Dopo i ringraziamenti di rito — estesi anche ai leader dell’opposizione che hanno partecipato alla kermesse di Fratelli d’Italia nei giorni scorsi — Meloni ha sferrato subito il primo attacco alla segretaria del Partito Democratico, Elly Schlein, assente all’evento.  

“Con il suo Nannimorettiano ‘Mi si nota di più se vengo e sto in disparte o se non vengo per niente’ – ha detto la premier – ha comunque fatto parlare di noi. La cosa divertente è che il presunto campo largo l’abbiamo riunito noi ad Atreju e l’unica che non si è presentata è quella che dovrebbe federarli”. Meloni ha suggerito che, in un luogo dove anche Nietzsche e Marx si sarebbero potuti confrontare, “chi scappa dimostra di non avere contenuti.” 

Schlein è rimasta l’elefante nella stanza per l’intera ora del discorso. La premier ha criticato le “ammucchiate” che la sinistra fa “pur di gestire il potere” e ha ironizzato sui loro tentativi di gufare sull’evento: “Si portano da soli una sfiga che manco quando capita la carta della pagoda al Mercante in fiera”.

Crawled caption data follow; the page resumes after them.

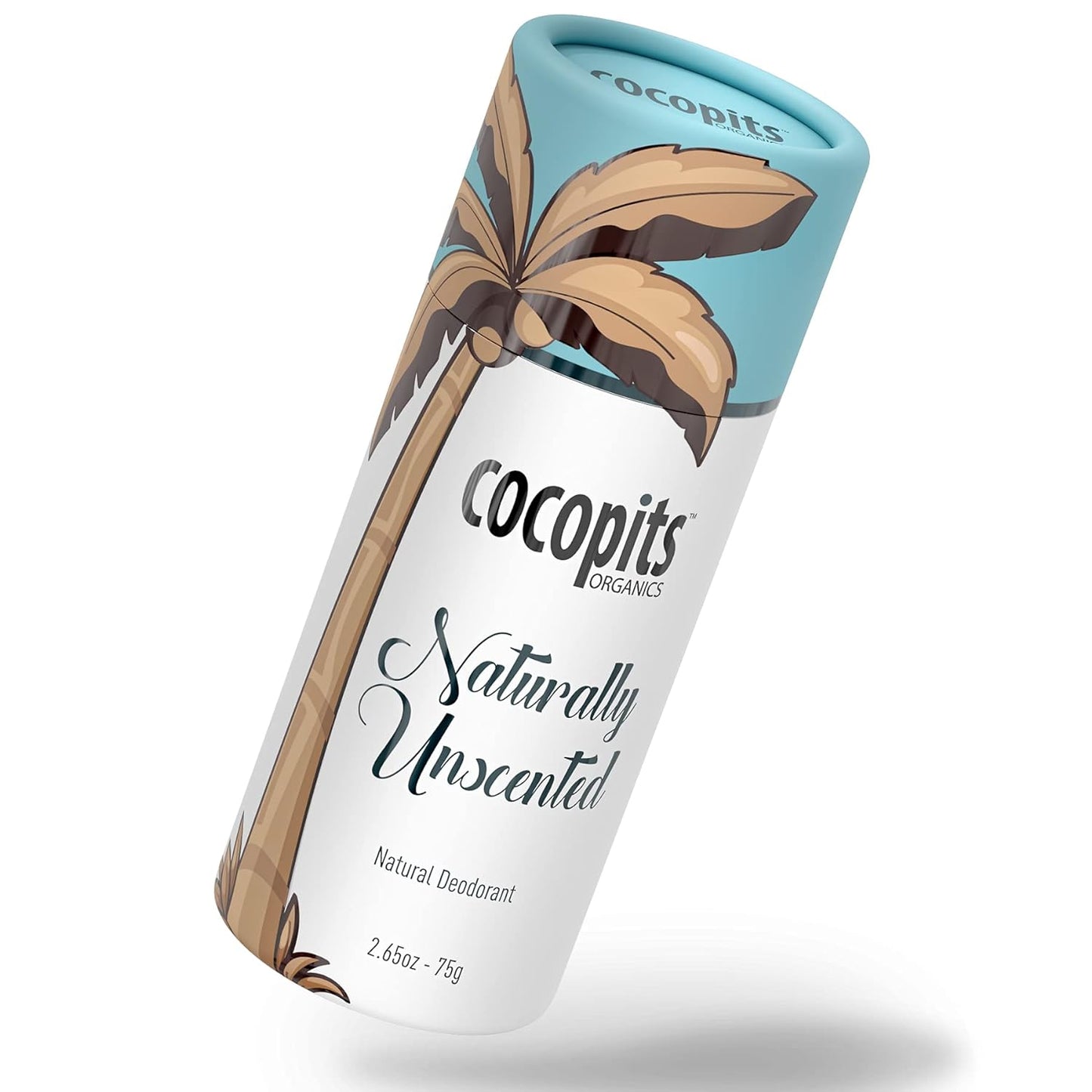 Fragrance Free Natural Vegan Deodorant for Women and Men - Unscented - Safe Aluminum-Free - Plastic Free Compostable - Coconut Oil and Organic Essential Oils - US Made - 2.65oz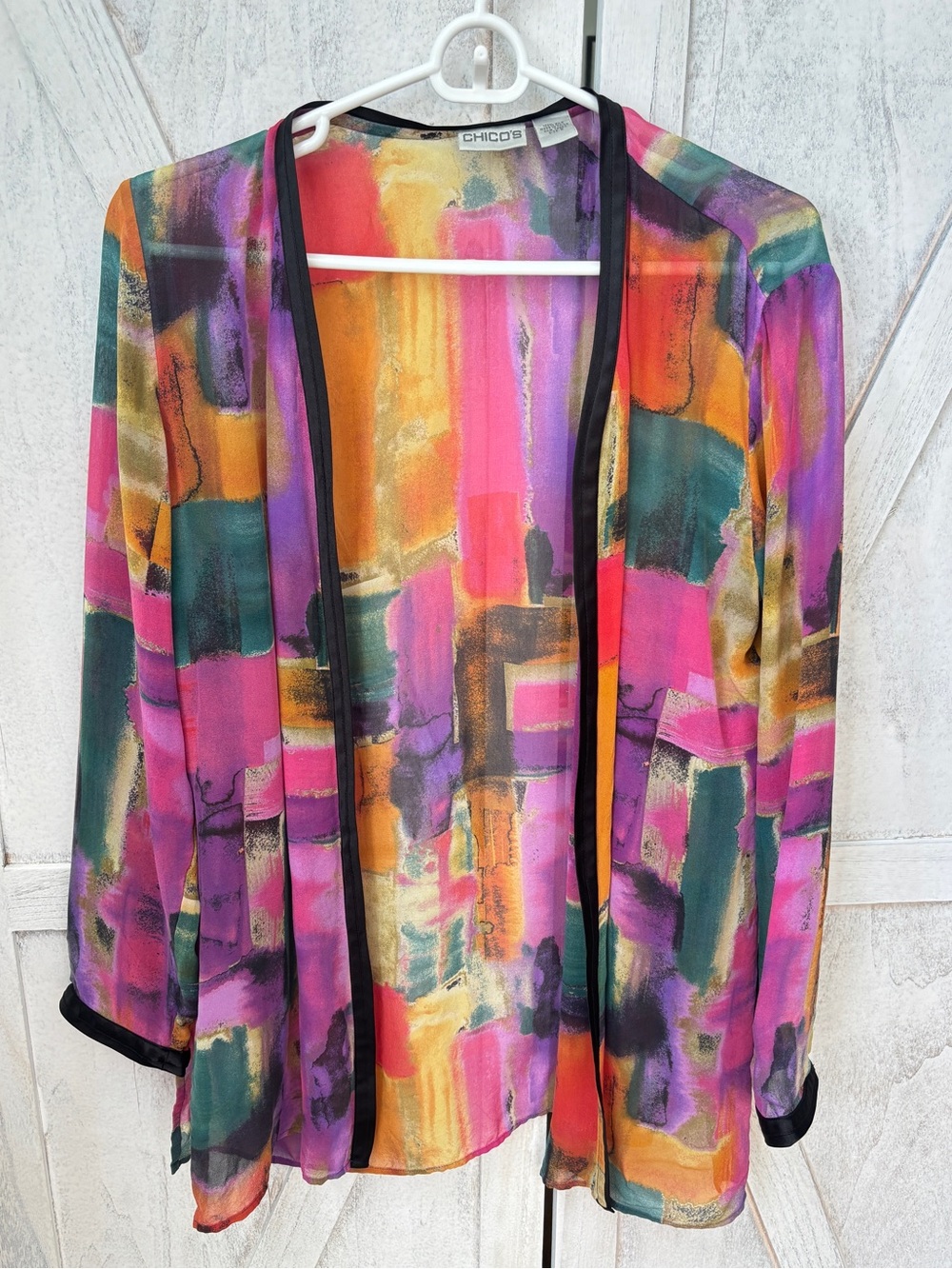 Chicos Silk Kimono Jacket Women’s Size 2 (Large) Multicolor Sheer Art-To-Wear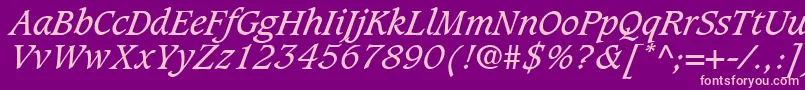 GrammateusSsiItalic Font – Pink Fonts on Purple Background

Meloni ha contrapposto questa situazione all’unità del centrodestra, che, a suo dire, “non nasce per ravanare qualche poltrona, ma per mettere al servizio della nazione una visione condivisa fondata sulla libertà”. 

La leader di Fratelli d’Italia non ha, però, risparmiato stoccate ad altri avversari. In ordine, è finito nel mirino il segretario della Cgil, Maurizio Landini, accusato di una solidarietà a intermittenza: esprime preoccupazione per i lavoratori Gedi solo adesso, mentre quando “faceva le interviste a Repubblica” su Stellantis “fischiettava”. Un attacco che è poi stato esteso ai sindacati in generale. 

Subito dopo, la critica si è abbattuta sul sistema giudiziario, la cui azione è stata colpita due volte: sia per il presunto ritardo nell’avvio dei centri per migranti in Albania (e il conseguente danno erariale), sia per quanto “stiamo vedendo a Garlasco, ultimo caso... di una giustizia che va profondamente riformata”. 

Infine, Meloni ha rivolto critiche dirette a diverse figure pubbliche e attiviste, includendo nella sua black list nomi come Greta Thunberg, Francesca Albanese e Ilaria Salis. 

Nel mare di citazioni (da Blaise Pascal a Otto von Bismark) e temi toccati, la premier ha mantenuto la barra dritta sui capisaldi del suo Governo. Meloni ha riaffermato l’impegno sulle riforme, promettendo il premierato e l’autonomia differenziata, quest’ultima destinata a rendere l’Italia “più efficiente, ma anche le classi dirigenti più responsabili”, a cui si aggiunge la riforma per Roma Capitale. 

Sul fronte internazionale, è stata confermata la linea sulla crisi in Ucraina, sulla deterrenza e sul ruolo dell’Italia in Europa, con un accenno anche a Donald Trump. Infine, la premier ha rivendicato con forza la norma su famiglia e scuola, esprimendo “orgoglio per la norma sul consenso informato per l’educazione sessuale nelle scuole, perché educare i figli su materie così delicate è compito dei genitori, lo Stato non può sostituirsi alla famiglia”. 

Il lungo intervento si è concluso con un messaggio ai militanti: “Ogni giorno, in ogni scelta, saremo quella scintilla, una scintilla di consapevolezza, di amore, di coraggio... e se ci riusciremo, vi garantisco che noi non racconteremo la storia, noi la scriveremo”. 

Il sipario sull’edizione record di Atreju — che ha registrato 105mila presenze in otto giorni — è calato sulle note dell’inno d’Italia.